====== Record excerpts

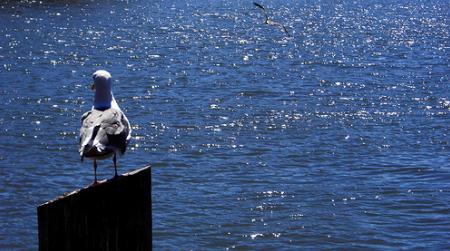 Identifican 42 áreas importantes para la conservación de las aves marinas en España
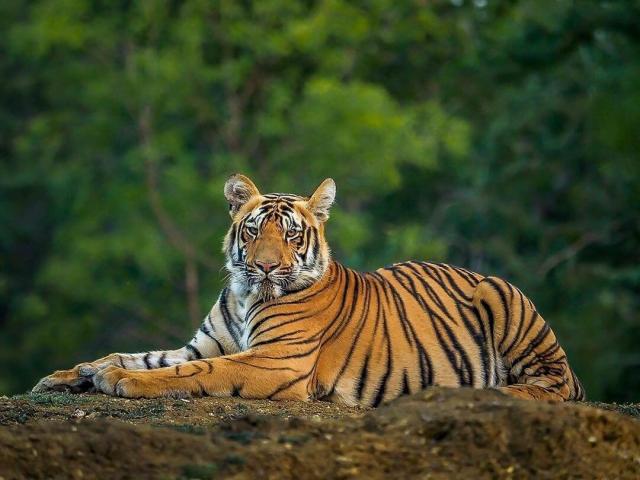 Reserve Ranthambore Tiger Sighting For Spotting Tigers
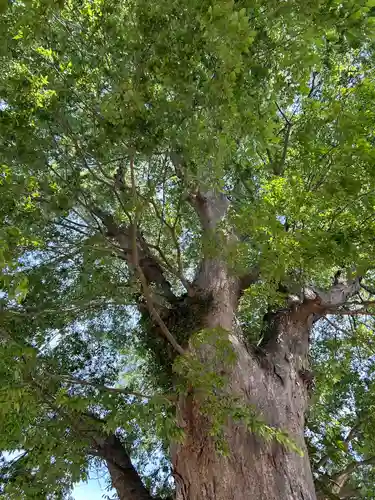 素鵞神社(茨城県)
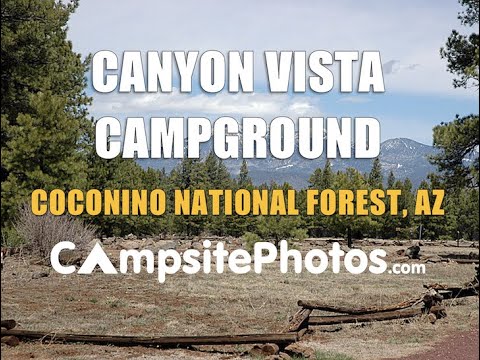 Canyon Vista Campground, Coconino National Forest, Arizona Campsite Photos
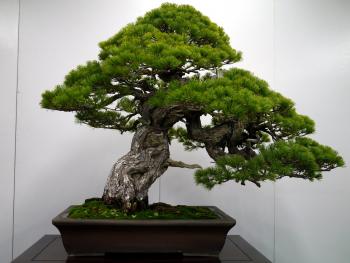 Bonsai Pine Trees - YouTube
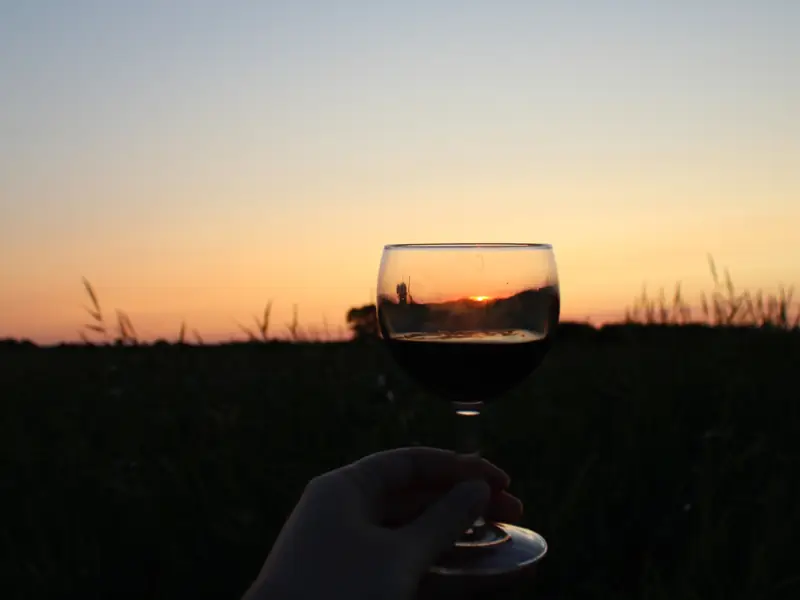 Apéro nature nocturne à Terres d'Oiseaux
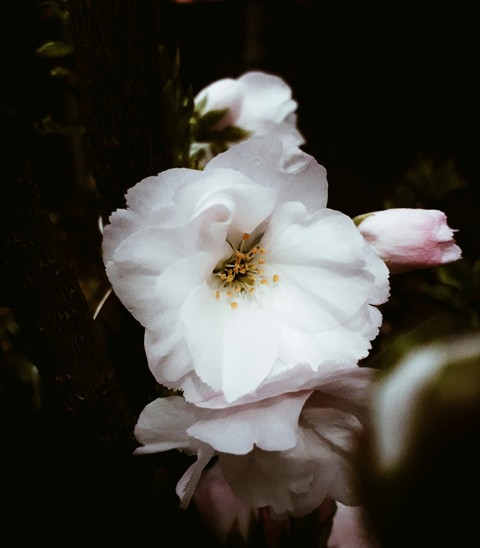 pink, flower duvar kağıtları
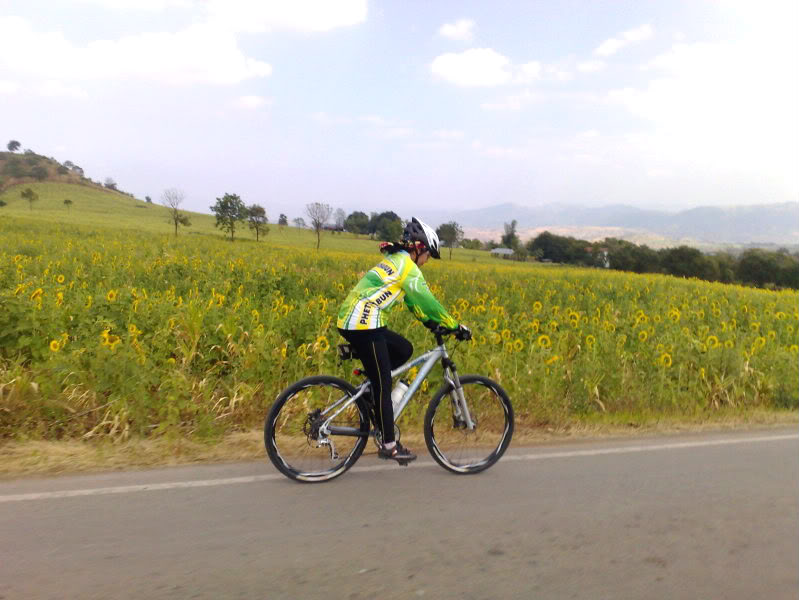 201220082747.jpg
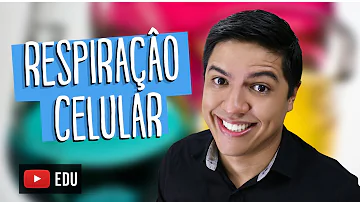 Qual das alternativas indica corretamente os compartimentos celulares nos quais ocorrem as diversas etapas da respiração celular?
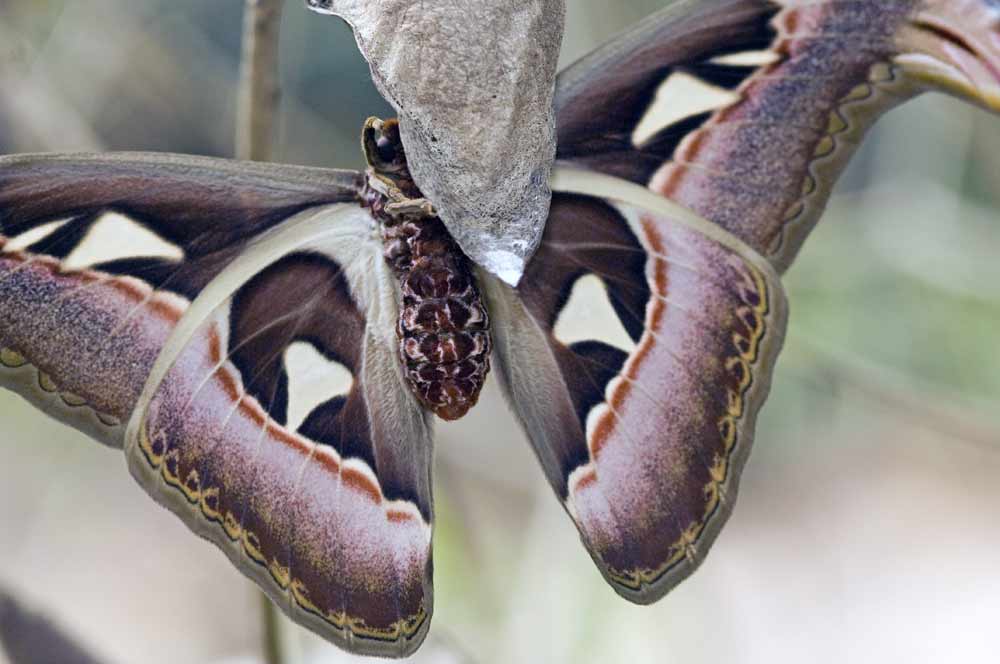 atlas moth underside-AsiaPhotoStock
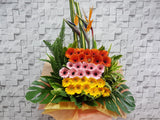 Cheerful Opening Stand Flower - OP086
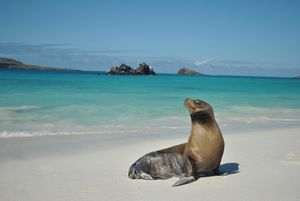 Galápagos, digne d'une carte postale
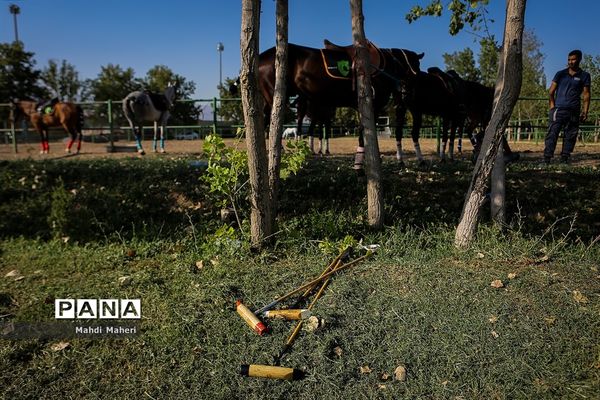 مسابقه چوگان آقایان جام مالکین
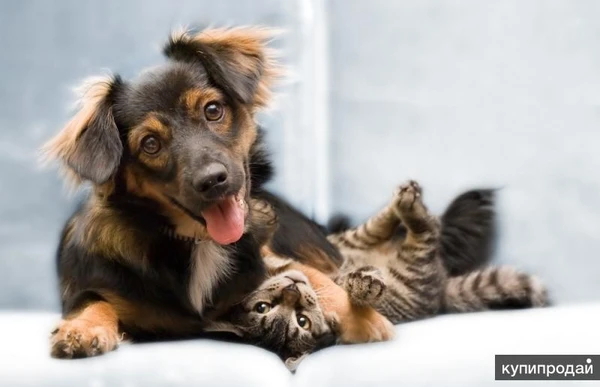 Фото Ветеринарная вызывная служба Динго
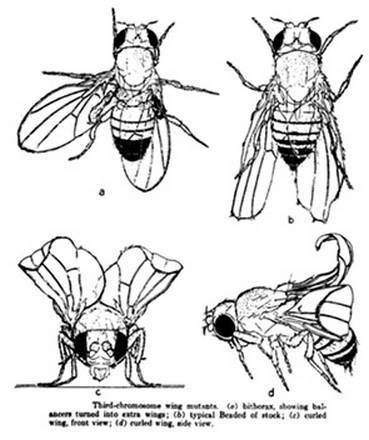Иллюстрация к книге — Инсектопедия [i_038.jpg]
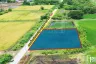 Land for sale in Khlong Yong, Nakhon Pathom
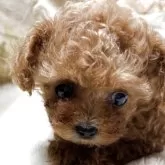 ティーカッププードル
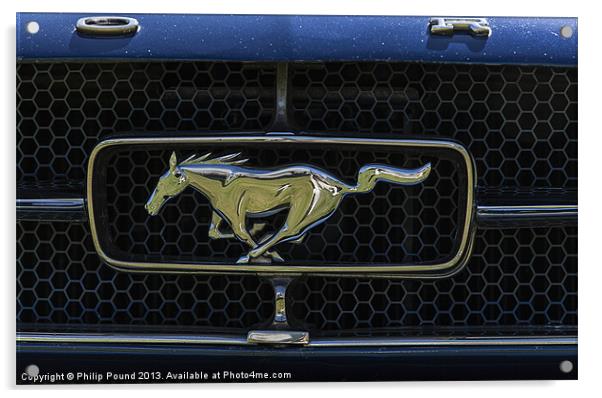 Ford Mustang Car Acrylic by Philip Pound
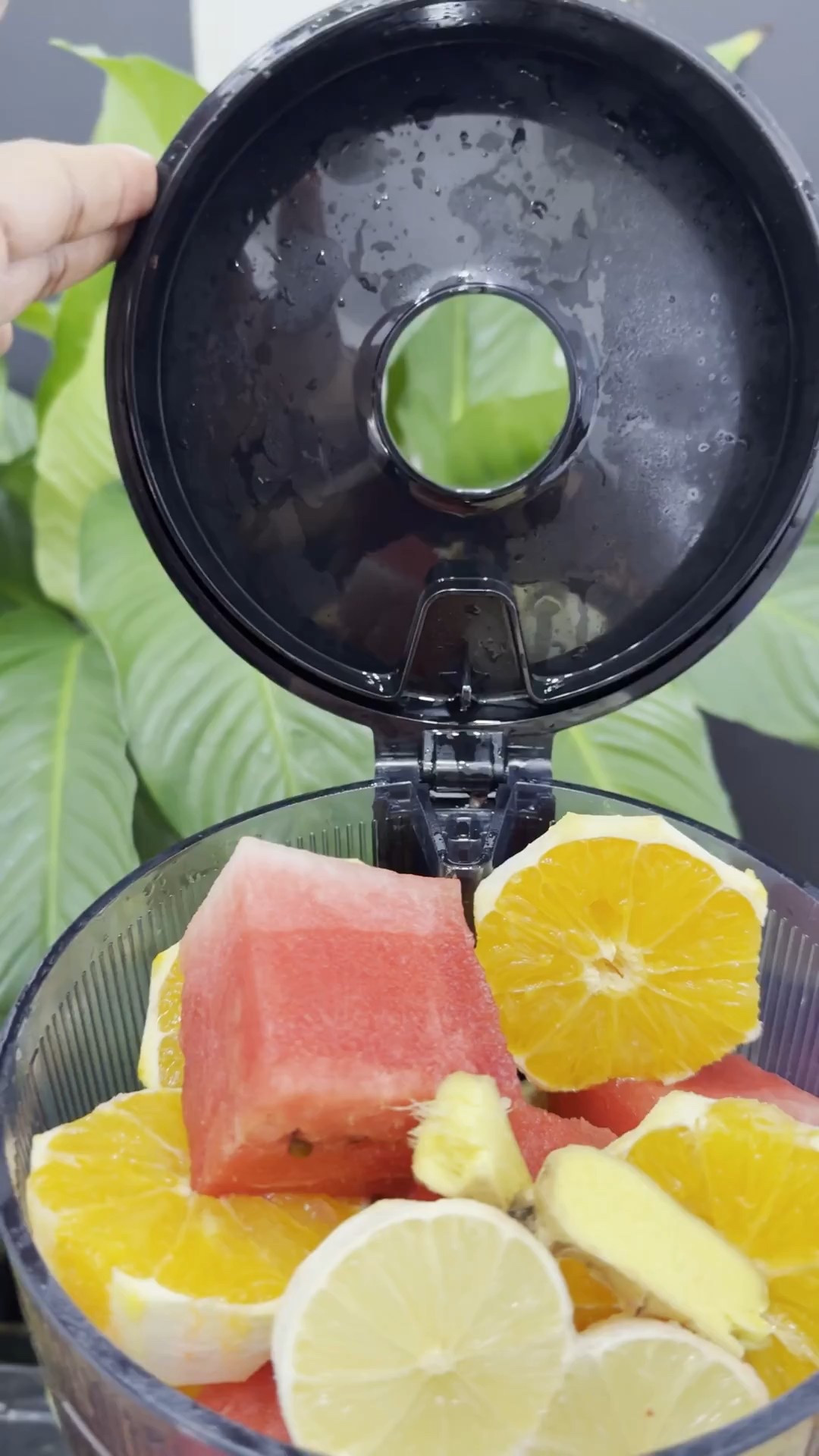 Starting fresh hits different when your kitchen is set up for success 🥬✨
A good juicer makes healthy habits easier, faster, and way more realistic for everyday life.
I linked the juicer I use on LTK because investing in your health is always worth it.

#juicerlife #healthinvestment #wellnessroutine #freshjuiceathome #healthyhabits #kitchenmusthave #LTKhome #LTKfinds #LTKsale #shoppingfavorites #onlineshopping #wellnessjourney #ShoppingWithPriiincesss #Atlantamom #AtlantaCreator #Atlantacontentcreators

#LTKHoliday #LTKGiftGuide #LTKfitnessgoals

============

▸ **Your instructions**
Reproduce the complete set of records verbatim and omit the pictures.

▸ **Answer box**
 Identifican 42 áreas importantes para la conservación de las aves marinas en España
 Reserve Ranthambore Tiger Sighting For Spotting Tigers
 素鵞神社(茨城県)
 Canyon Vista Campground, Coconino National Forest, Arizona Campsite Photos
 Bonsai Pine Trees - YouTube
 Apéro nature nocturne à Terres d'Oiseaux
 pink, flower duvar kağıtları
 201220082747.jpg
 Qual das alternativas indica corretamente os compartimentos celulares nos quais ocorrem as diversas etapas da respiração celular?
 atlas moth underside-AsiaPhotoStock
 Cheerful Opening Stand Flower - OP086
 Galápagos, digne d'une carte postale
 مسابقه چوگان آقایان جام مالکین
 Фото Ветеринарная вызывная служба Динго
Иллюстрация к книге — Инсектопедия [i_038.jpg]
 Land for sale in Khlong Yong, Nakhon Pathom
 ティーカッププードル
 Ford Mustang Car Acrylic by Philip Pound
 Starting fresh hits different when your kitchen is set up for success 🥬✨
A good juicer makes healthy habits easier, faster, and way more realistic for everyday life.
I linked the juicer I use on LTK because investing in your health is always worth it.

#juicerlife #healthinvestment #wellnessroutine #freshjuiceathome #healthyhabits #kitchenmusthave #LTKhome #LTKfinds #LTKsale #shoppingfavorites #onlineshopping #wellnessjourney #ShoppingWithPriiincesss #Atlantamom #AtlantaCreator #Atlantacontentcreators

#LTKHoliday #LTKGiftGuide #LTKfitnessgoals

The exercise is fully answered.